Miss S and A-Man were both colicky babies, and it was rough. I think that it was hardest with A-Man because Mr. C was such an easy baby, so I had no idea what was going on. I thought that I was just a terrible mom, and I couldn’t keep my baby happy. None of that is true!
Thankfully, Miss S is my fourth baby, so I’m an old pro by now! I knew how to recognize colic, and how to help her with her colic from the very beginning. I wish I knew more about colic when I was facing it the first time, so I thought I’d share some of what I learned with you!
8 Things All Moms Should Know About Colic
I received a free sample of [Gerber® Good Start® Soothe infant formula or Gerber Soothe® probiotic colic drops] from Gerber. My thoughts and opinions are by my own
What is Colic?
Colic is defined as a healthy baby crying (inconsolably) for at least 3 hours a day, on at least 3 days a week, for at least 3 weeks. Babies will cry more often than normal while teething or during a sleep regression, which is why there are specific lengths of time defining colic.
When is Colic Most Likely?
Colic typically starts when your baby is around 2-3 weeks old and peaks around 6 weeks. The good news is that most babies are typically done with colic by the time they’re 3-4 months. I know it seems like a long time while you’re in the middle of it, but it does get better, I promise.
Babies are also more likely to cry from colic in the evening and night than they are in the morning. This can make it really hard on families, as that’s when they typically are ready to start relaxing from a long day.
Crying Isn’t Necessarily Colic
Babies cry for all sorts of reasons. It’s their only way to communicate. Babies can cry because they’re hungry, tired, wet, hurt, sick, grumpy, or for tons of other reasons. Colic is more than just crying. It’s when babies cry even though nothing is wrong. If you’ve tried rocking your baby, changing their diaper, and feeding them and they’re still upset hours later? It’s probably colic.
How to Help With Colic
Thankfully there are tons of ways to try to help your baby with colic! Often vibration and movement helps, so many families find it helpful to take a car ride or hold their child’s carseat on top of the dryer. Miss S had an easier time in her swing, and she wanted it swinging as fast as it would go. You can also try swaddling your baby tightly or playing some white noise to help them settle. If you’re breastfeeding, you can try Gerber® Soothe Probiotic Colic Drops, and if you’re formula feeding, you can try a colic-friendly formula like Gerber® Good Start® Soothe formula.
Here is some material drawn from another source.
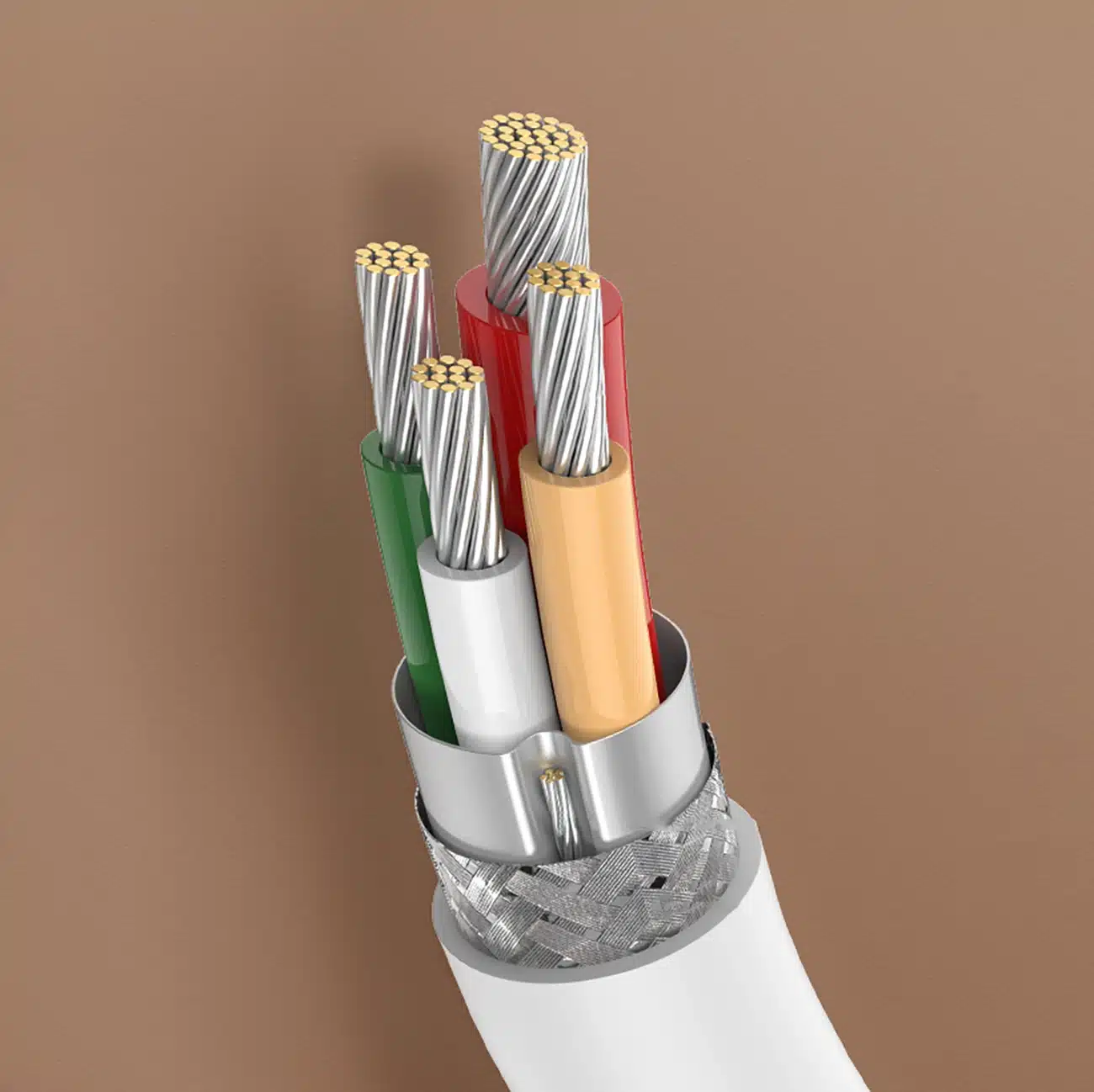 Ugreen US264 60520 καλώδιο USB-C / USB-C PD QC AFC 2m - λευκό - Image 7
Breastfed Babies Can Have Colic
When A-Man had colic I had many well-meaning friends telling me that it couldn’t be colic because I was breastfeeding, and breastfed babies can’t have colic. Well, unfortunately, yes they can. Research has shown that colic may be caused by a type of bacteria in a baby’s digestive system, so it can happen to any baby.
Colic Isn’t Your Fault
If you take only one thing from this whole post, let it be this. Colic is not your fault. Having a baby who cries does not make you a terrible mother, I promise. Any baby can get colic. Any mom can have a colicky baby. All babies cry. Do what you can to comfort your baby, cry with them when you need to, and know that there’s a light at the end of the tunnel.
Probiotics are Good for Colicky Babies
Because research has shown that colic may be caused by a type of bacteria in a baby’s digestive system, it’s also shown that probiotics can reduce crying time in colicky babies. Isn’t that what we all want? One less minute of crying sounds good to me!
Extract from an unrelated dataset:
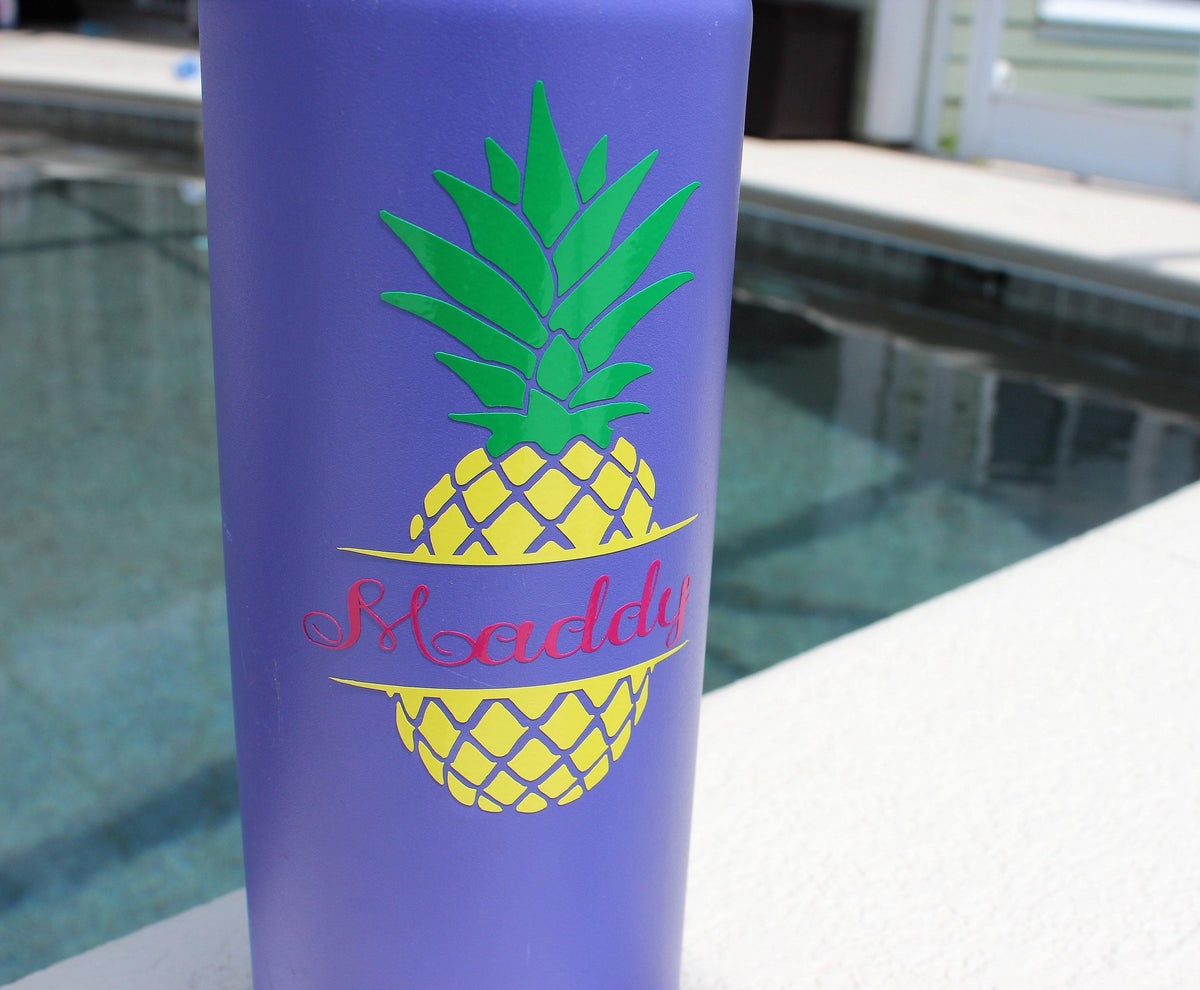 Door Decal | Personalized Vinyl Decal | Monogram Vinyl Decal | Custom Decal | Pineapple - This &amp; That Solutions - Door Decal | Personalized Vinyl Decal | Monogram Vinyl Decal | Custom Decal | Pineapple - Personalized Gifts &amp; Custom Home Decor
Your baby can get probiotics in lots of ways. First, if you’re breastfeeding and you take probiotics yourself, they will be passed to your baby when nursing. You can also add Gerber® Soothe Probiotic Drops to help get your baby all the probiotics that they need.
It’s Okay to Take a Break From Your Colicky Baby
Having a baby with colic is really hard. The constant crying is enough to make any mom question her sanity. It is okay to need a break from your colicky baby. Maybe your husband and you can take turns comforting the baby. Maybe it means putting your baby in a safe place, like the crib or strapped into a swing, and taking a moment to hide in the bathroom with the water running to just not hear screaming for a second.
Don’t feel like a bad mom because you are struggling with a colicky baby. Know that there is a light at the end of the tunnel. No babies have colic forever. You can get through this!